4. Leur fournir un environnement naturel aussi proche que possible de leur habitat

Un véritable sanctuaire tente de reproduire en captivité les conditions naturelles de l’habitat de l’animal. Elle fait tout ce qu’elle peut pour le rendre aussi semblable que possible afin de promouvoir ses comportements les plus intrinsèques et naturels. Par conséquent, le centre est conçu par et pour l’animal, et non pour le touriste. Le visiteur doit observer l’animal se comporter de manière naturelle et libre, en gardant toujours une distance de sécurité et sans interférer dans sa vie quotidienne. Il s’agit d’observer les éléphants en tant qu’éléphants, et de se comporter comme tels.

Ces quatre points que nous vous avons expliqués ne sont pas les seuls qui déterminent un bon centre, mais ils sont les plus faciles à différencier. Ils sont en outre applicables à tout autre centre qui maintient des animaux sauvages en captivité. En d’autres termes, un sanctuaire de tigres, par exemple, ne doit pas présenter de spectacles ou d’activités d’interaction avec les tigres, ne doit pas les reproduire et doit fournir un environnement aussi proche que possible de l’habitat de cette espèce particulière.

Comment détecter si un sanctuaire est réel ou faux avant de voyager ?

Il est essentiel qu’avant de visiter un centre ou de participer à une activité liée aux animaux, vous enquêtiez et vous informiez bien à l’avance. Voici quelques étapes à suivre:

Avec tout cela, vous pourrez vous faire une idée du travail qu’ils font dans ce centre, des activités qu’ils promeuvent, de la visite et de la manière dont ils traitent les animaux et vous pourrez déterminer s’ils respectent ou non les points précédents.

Voir les éléphants de Thaïlande de manière responsable

Si vous vous attendiez à trouver une liste d’endroits responsables pour voir des éléphants en Thaïlande dans cet article, nous sommes désolés de vous dire que ce n’est pas ce genre d’article. Nous ne voulions pas vous donner le poisson, mais la canne à pêche pour que vous puissiez apprendre à pêcher. Nous pensons qu’avec ces informations, vous aurez terminé ce poste en ayant appris à distinguer par vous-même ce qui est une activité responsable et ce qui ne l’est pas.
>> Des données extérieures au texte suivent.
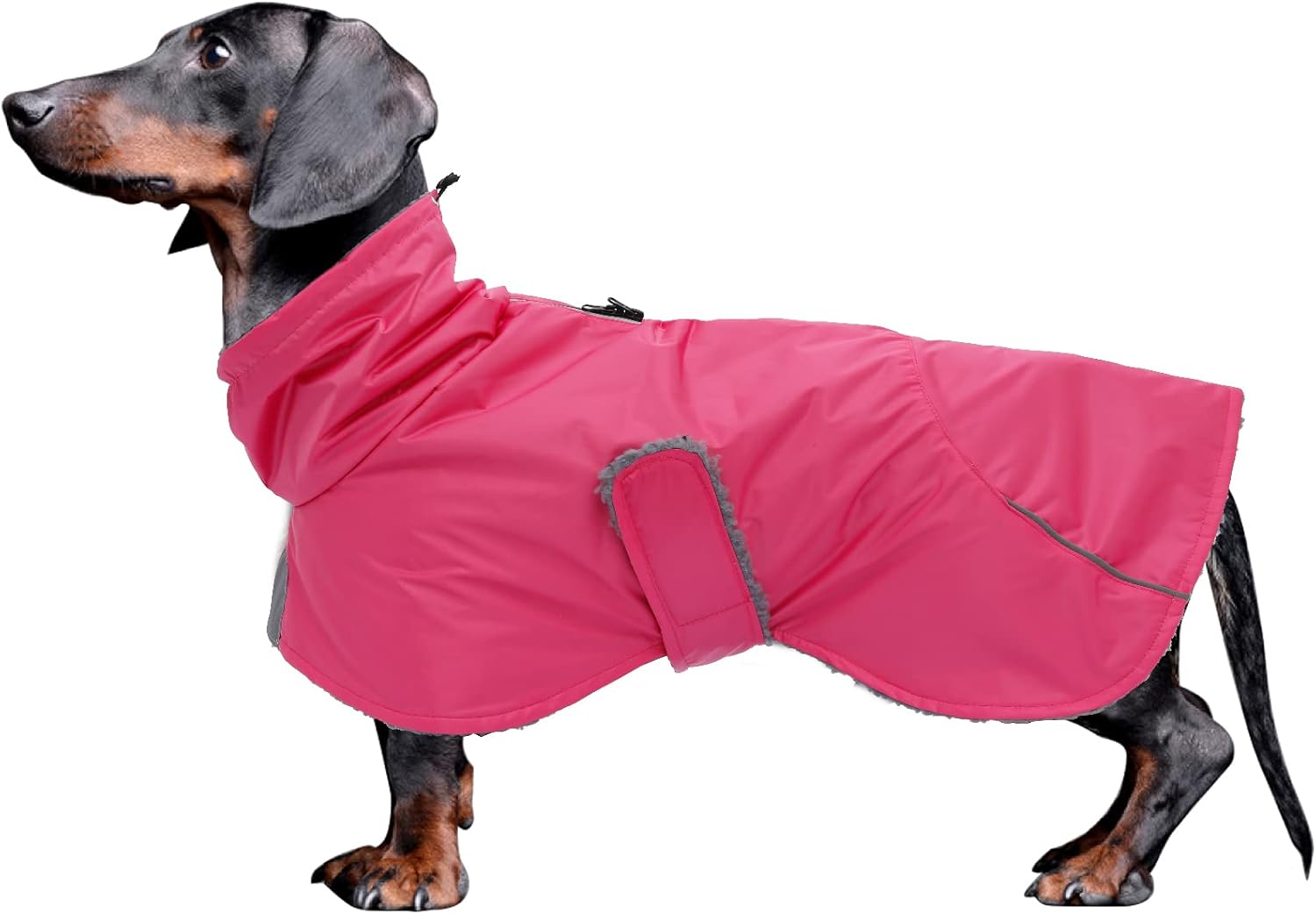 Abrigos de perro salchicha impermeables, perfectos para perros salchichas, salchichas, abrigo de invierno para perro Weiner con forro polar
Si après vous être informé et avoir enquêté sur un lieu ou une activité, vous n’êtes pas clair, la meilleure chose à faire est toujours de ne pas participer. Et si, pour quelque raison que ce soit, vous vous trouvez à participer à une activité touristique non responsable, ne soyez pas gêné ou n’essayez pas de la justifier, retournez-la, signalez-la et criez-la haut et fort. Le manque d’information est la principale raison pour laquelle tant de personnes participent à ces faux sanctuaires.

Nous espérons que cela vous a été utile et que, si vous voyagez en Thaïlande ou dans tout autre pays et que vous voulez voir des éléphants ou tout autre animal, vous le faites de manière responsable.